While they may feel weak during their times of depression, it takes a strong person to admit they need help. They must become that person who is dedicated and determined to overcome the darkness in their hearts and by understanding how precious their life is we will no longer want to be a slave to unhappiness.

Through prayer and faith, Allah swt heals us of our miseries delivers us of our burdens, and loves us when it feels no one else does, can or will.

For me, I personally think; the best way to thank Allah swt is to serve humanity, especially those who have less than us. Studies reveal that when we choose to redirect our attention to the positive, and helping others, our serotonin levels increase making us more content and happy. Serving others is uplifting and rewarding. It helps us gain a better perspective on life’s challenges, making us realise how very often, our problems seem so small compared to the overwhelming difficulties others face.

This is shown in many stories of the Prophet’s life where even when the Muslims were a small, poor and persecuted community, they used to give to the poor even more. They understood that when you are generous when you have less, you achieve the perspective of a winner. You are focused on the bigger picture.

More importantly, we know how we're all playing crucial and irreplaceable part in a bigger story, right?
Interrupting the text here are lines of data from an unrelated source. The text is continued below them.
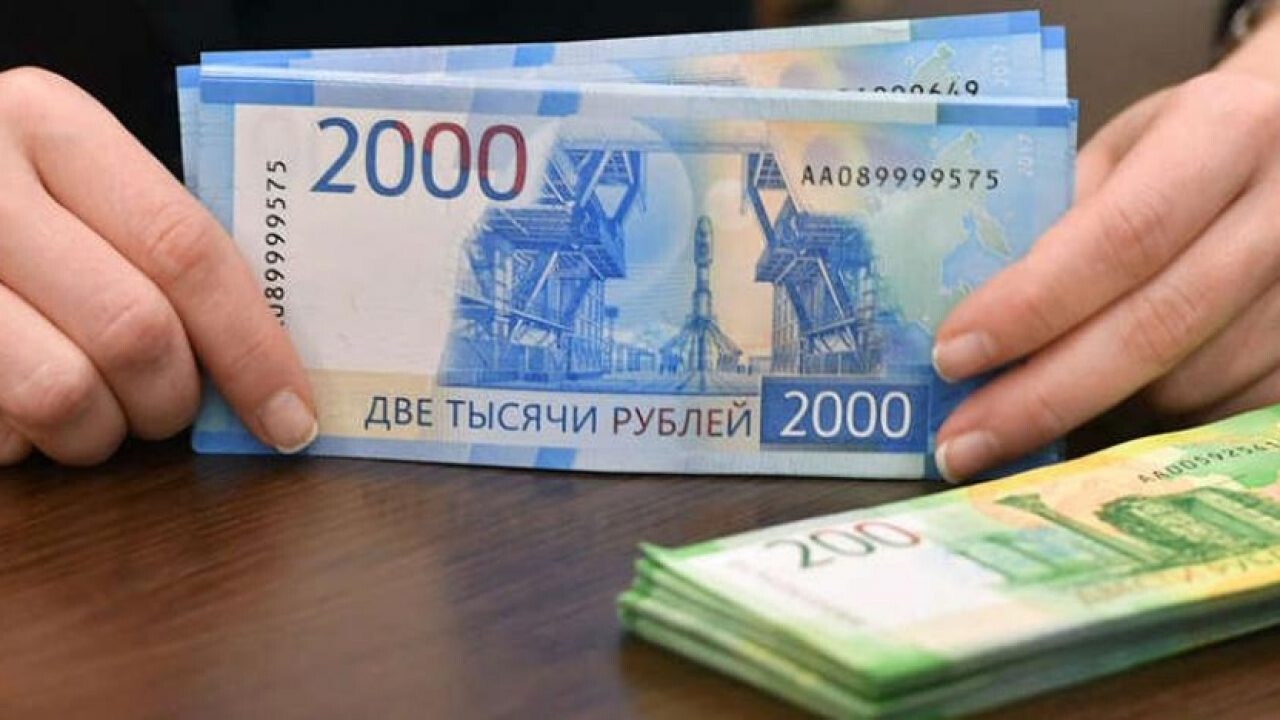 بوتين يصدر تعليماته بتحويل مدفوعات الغاز إلى الروبل حتى 31 مارس الجاري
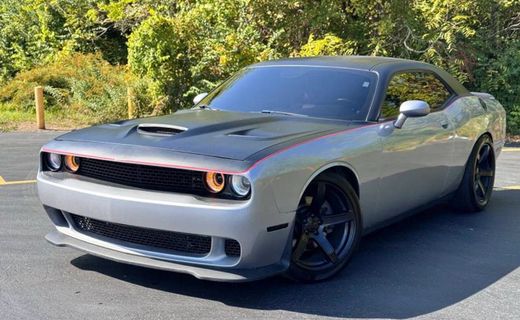 2016 Dodge Challenger SXT Plus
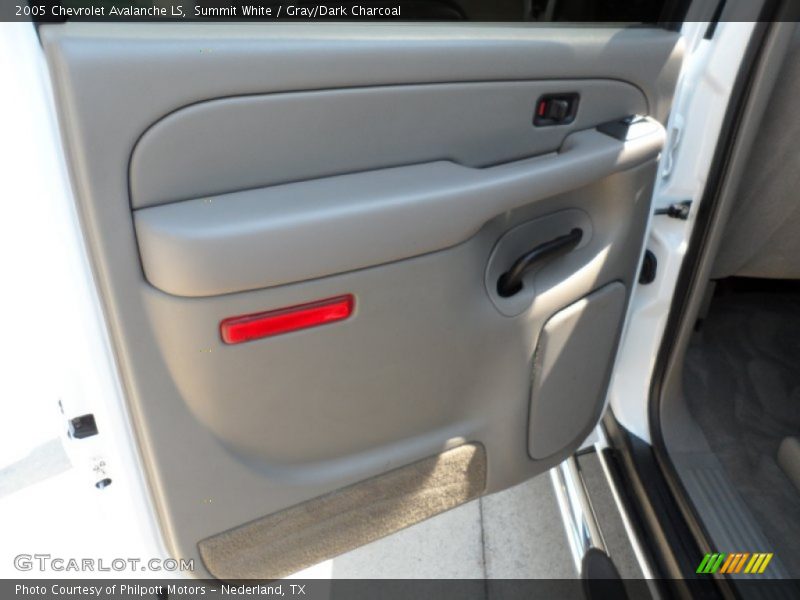 Summit White / Gray/Dark Charcoal 2005 Chevrolet Avalanche LS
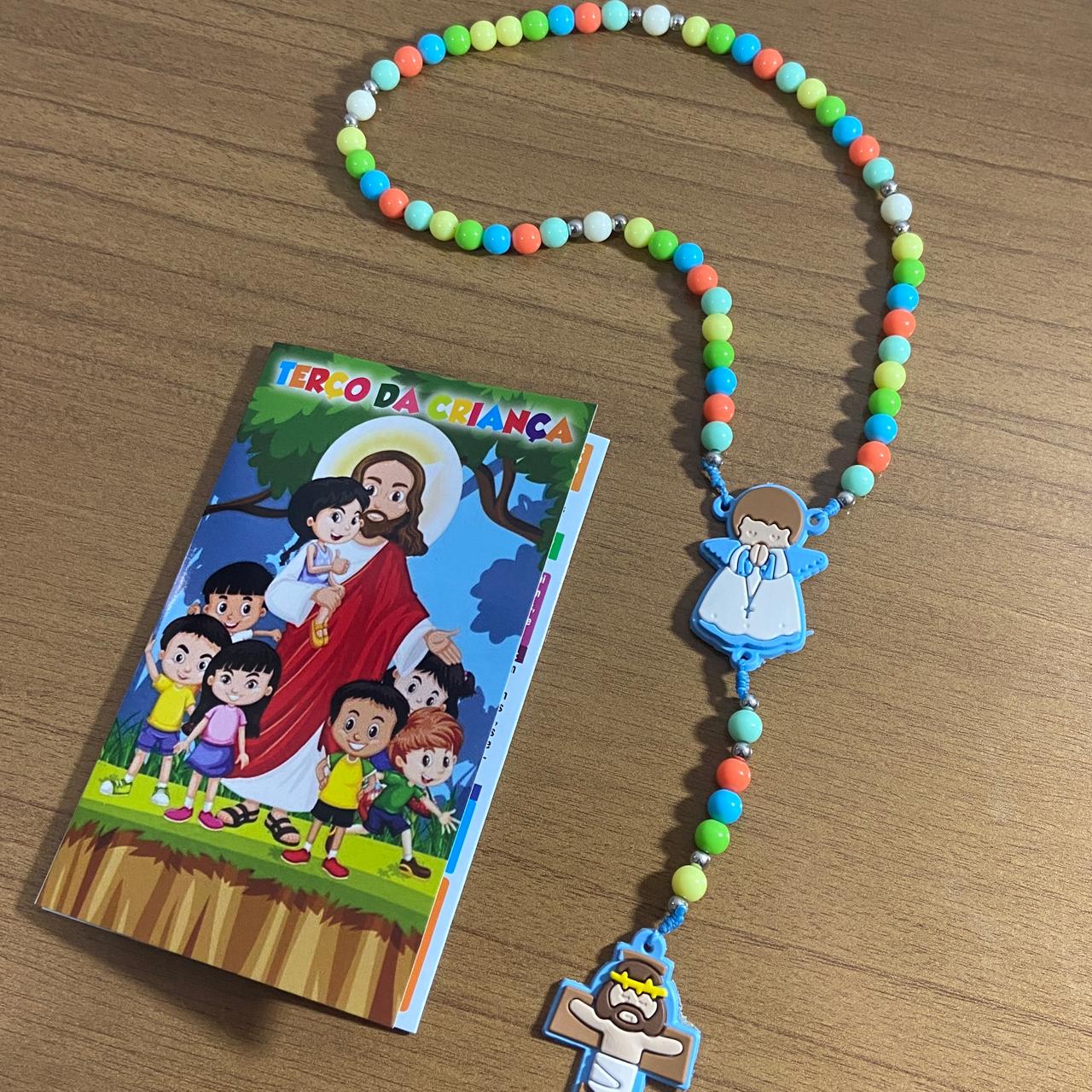 TERÇO DA CRIANÇA ANJO DA GUARDA AZUL CONTA COLORIDA 08MM (1 UNIDADE)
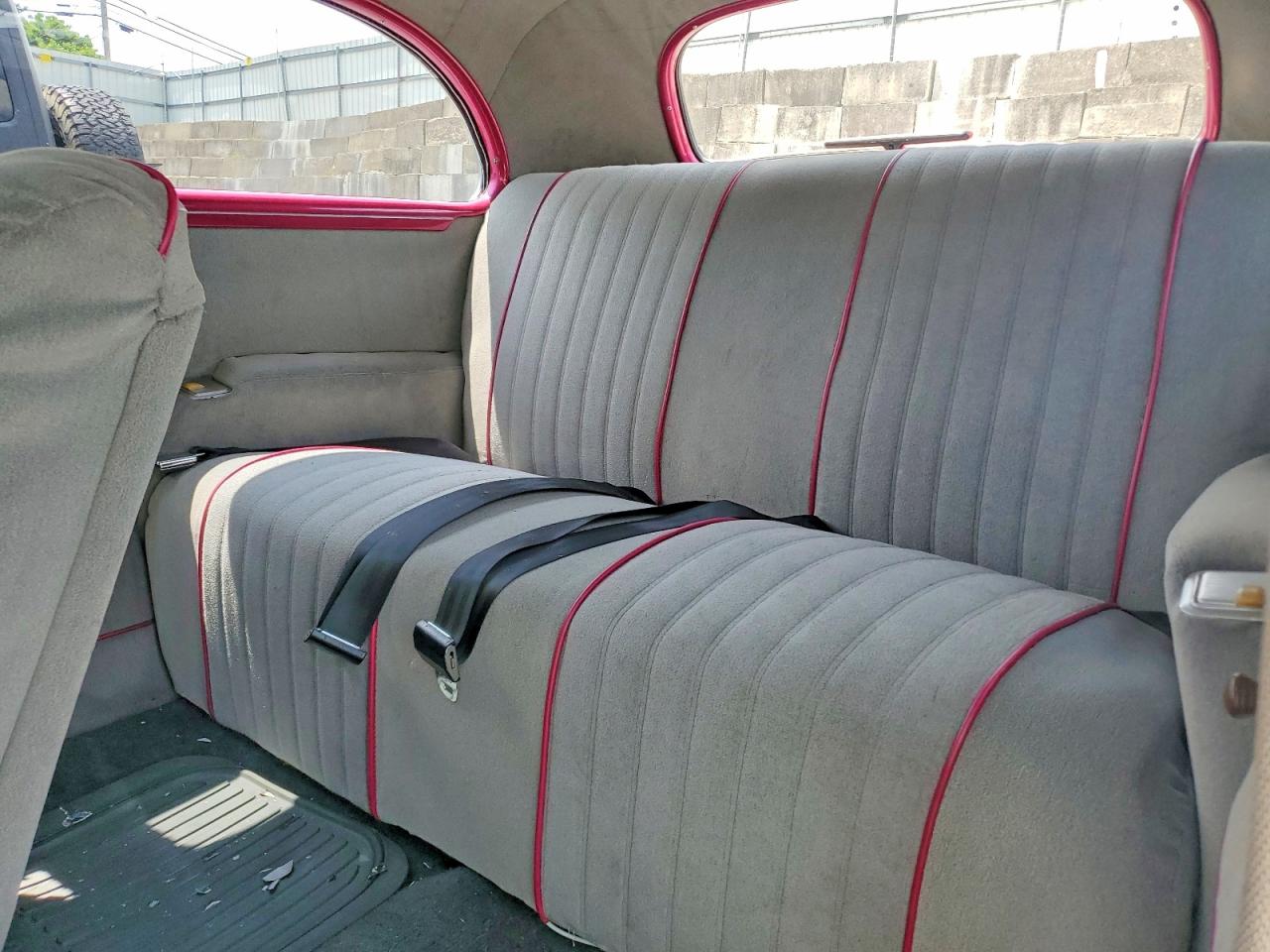Chevrolet Deluxe 2 D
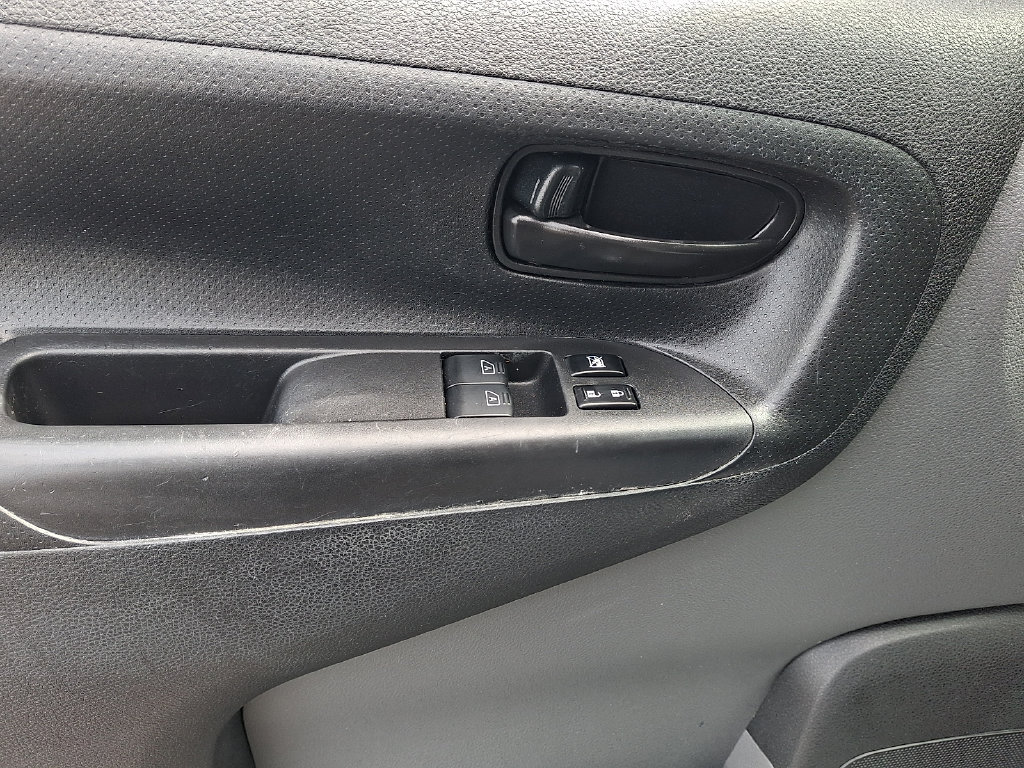 Used 2015 Nissan NV200 SV w/ Technology Package FWD image 11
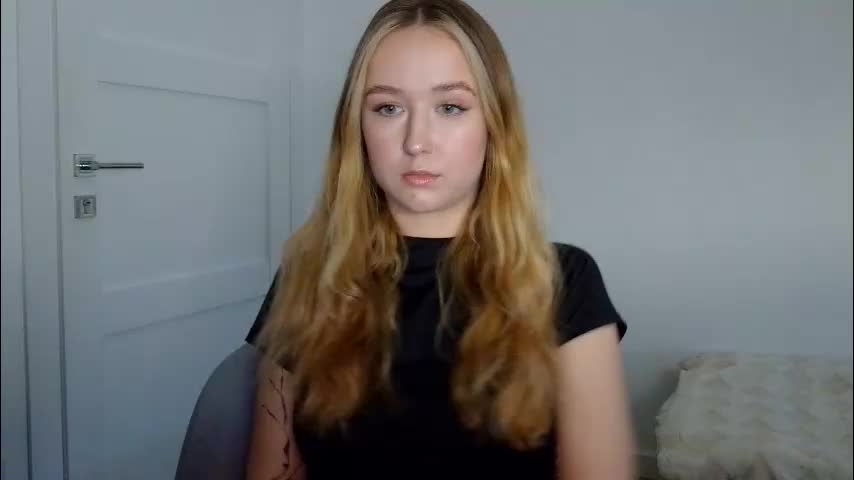 lulu_baby1 Live Sex March 31, 2026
Yes, there are other walking wounds who struggle on their own journey to recovery and my story of pain and hope is something they can draw strength from so they won't give up on themselves especially when they can't "snap out of it' despite all the painful effort they've exerted. I have made it this far. There will be bumps on the road ahead and I may end up wounded again but I have to keep my head up and fight. Fight for the other walking wounds who are yet to hear my not so bold, not so bright and not so beautiful story.

Something I read recently triggered my thoughts, it explained that our heart also has seasons, so if it is winter, do not lose hope and keep going, after all spring always comes.

Tomorrow, September 10th is World Suicide Prevention Day. Choose to stick around. Hang on tight.